Written by Charles Edward Pogue & David Cronenberg.
Directed by David Cronenberg.
Teleportation. It’s what scientist Seth Brundle (Goldblum) believes will change the course of mankind. And he’s probably right. But before he can unleash the technology onto the world – being unsatisfied with teleporting inanimate objects – he decides to zap himself through his teleportation “pods” in his funky downtown warehouse and inadvertently traps a common house fly inside during the process. Having recombined his molecular structure with that of the fly, he begins a slow metamorphosis into a hideous hybrid – all to the horror of a young writer (Davis) who has been detailing the experiments. At times a black comedy, it is doubtful that an actor other than Jeff Goldblum could have inhabited the character of “Brundlefly” so completely and elevated The Fly to the heights at which it resides (though he is given excellent support from the memorably sleazy John Getz). Director David Cronenberg’s claustrophobic updating of the 1958 film of the same name features the kind of raw, tactile gore that 80s horror was all about, creating an unnerving experience. Be afraid. Be very afraid.
Peter Weller, Nancy Allen, Kurtwood Smith, Ronny Cox, Miguel Ferrer & Dan O’Herlihy.
Written by Edward Neumeier & Michael Miner.

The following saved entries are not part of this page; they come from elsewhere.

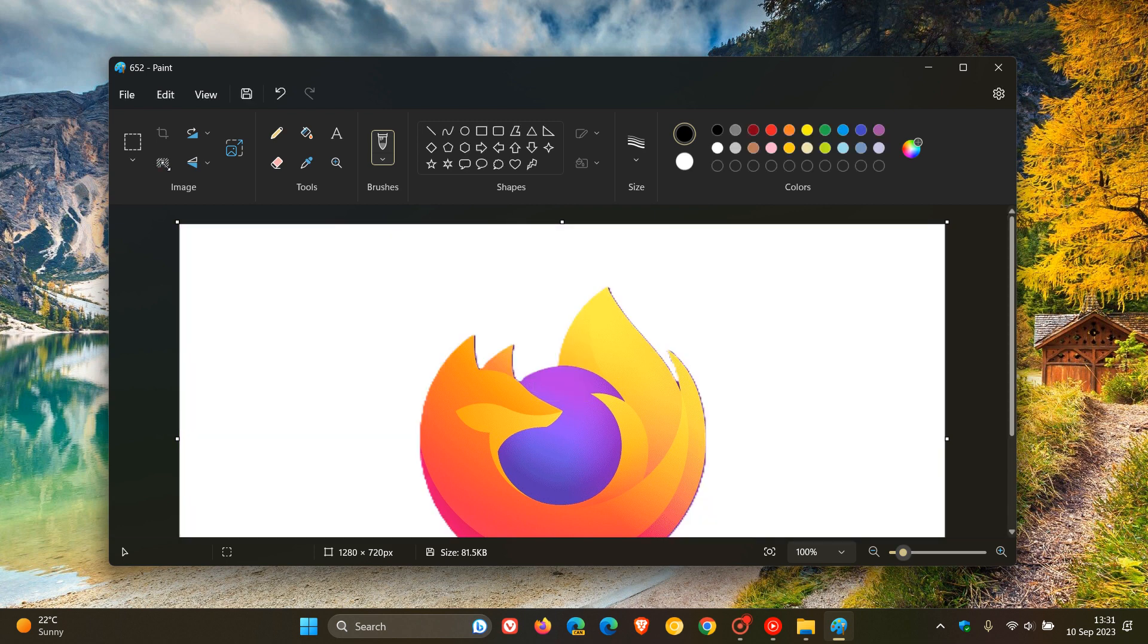The background of that image has been removed, which I think is a nice move. A little bit of Photoshop and Canva now making its way into the Paint app.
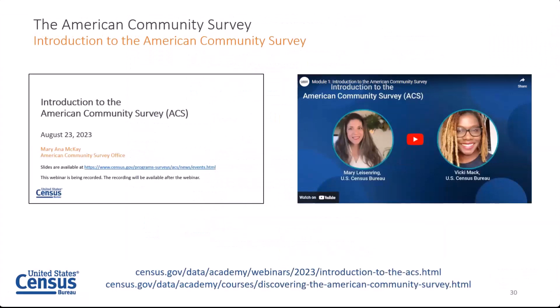If you're new to the ACS or you want more in-depth information on ACS resources, we have an introductory webinar on the ACS with slides and a recording available. We also have several modules posted in a recently launched course titled Discovering the American Community Survey. This comprehensive guide is designed for all types of data users who need to understand and access the fundamentals of the ACS in order to use our data.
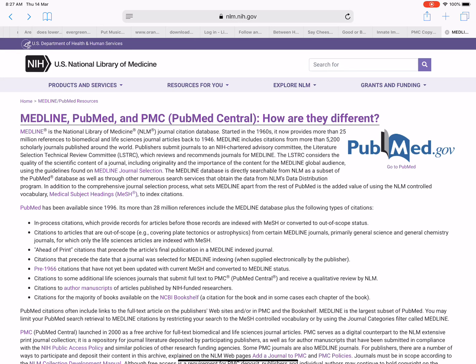Medline, PubMed, and PMC — PubMed Central — how are they different? Medline is the National Library of Medicine's (NLM) journal citation database. Started in the 1960s, it now provides more than 25 million references to biomedical and life sciences journal articles back to 1946.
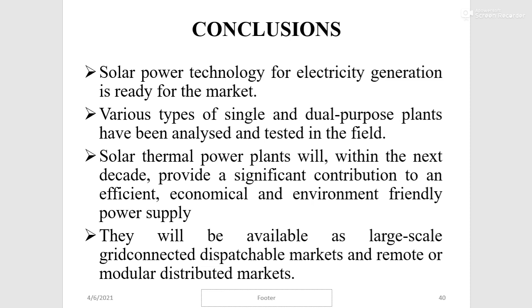Solar power technology for electricity generation is ready for the market. Various types of single and dual-purpose plants have been analyzed and tested in the field. Solar thermal power plants will, within the next decade, provide a significant contribution to an efficient, economical, and environmentally friendly power supply — available as large-scale grid-connected dispatchable markets and remote or modular distributed markets.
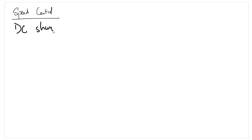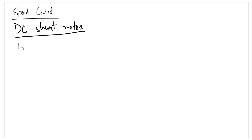In this final session on DC machines, we will be understanding the speed control strategies associated with DC machines. Let's first study speed control in DC shunt motors. The methods that can be employed are broadly the field control methods and the armature control methods.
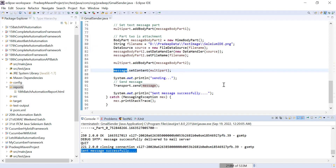I hope you liked the content and the way I explained each and everything, so that you can use this code in your project for attaching file attachments.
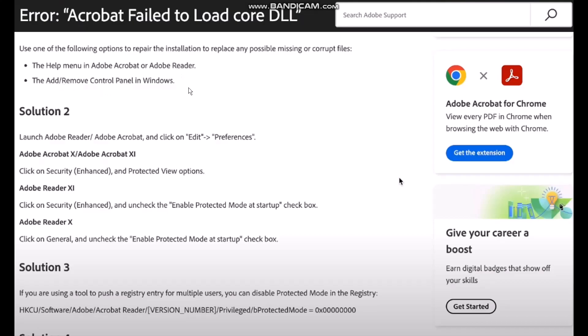Now solution 2 is launch Adobe Reader Adobe Acrobat and then click on Edit and then Preferences. Once you do that click on Security Enhanced and Protected View options.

Directed by Paul Verhoeven.
In Detroit in the not too distant future (which, in 1987, would mean about now), things suck. The city is overflowing with crime and corruption, but Omni Consumer Products believe they have the answer to cleaning up the streets. His name is Robocop, a former police officer named Murphy who was viciously gunned down by some nasty thugs, pronounced dead and then reassembled as a robotic crime-fighting force. But there’s a bit of Murphy left inside the organic and metallic frame of this lumbering protector, and that remnant of his former life wants to deal out some bloody justice to the bastards who slew him. In the beginning, the studios apparently (and understandably) baulked at giving the green light to a project called Robocop. But to their surprise, the film was a hit. Combining a sardonic wit with some bad-ass 80s violence, Robocop managed to overcome its seemingly inane title and produce the kind of adolescent fun that many teenage boys and young men crave. Full of colourful performances and a genuine self-assessing humour, Robocop epitomises all that is worthy about escapist entertainment. And I’d buy that for a dollar!
The Shining (1980)
Jack Nicholson, Shelley Duvall, Danny Lloyd & Scatman Crothers.
Written & Stanley Kubrick & Diane Johnson.
Directed by Stanley Kubrick.
The Overlook Hotel is no place to spend a winter. Jack Torrance (Nicholson) is unfortunately not aware of the imposing doom of the isolated resort, and accepts a job as winter caretaker believing the solitude will help him finish that novel he’s been meaning to write. Accompanying Jack is his wife Wendy (Duvall) and their young son Danny (Lloyd) who exhibits a psychic ability known as “shining”. As the ghostly inhabitants of the hotel begin to reveal themselves to Danny and his father, it becomes clear that Jack is required as a permanent resident of the hotel – the entry pass being the murder of his wife and son. Stanley Kubrick’s film cannot hold a candle to the Stephen King novel on which it is based yet it exists as a separate entity in its own right. Ignoring entire tracts of the novel, Kubrick instead focussed on imagery and his typical theme of dehumanisation. Garnering a fanatical cult status and featuring one of the most incredible locations ever put to film, The Shining is often ambiguous and confusing, but at the same time, a visual treat whose imagery has never been equalled.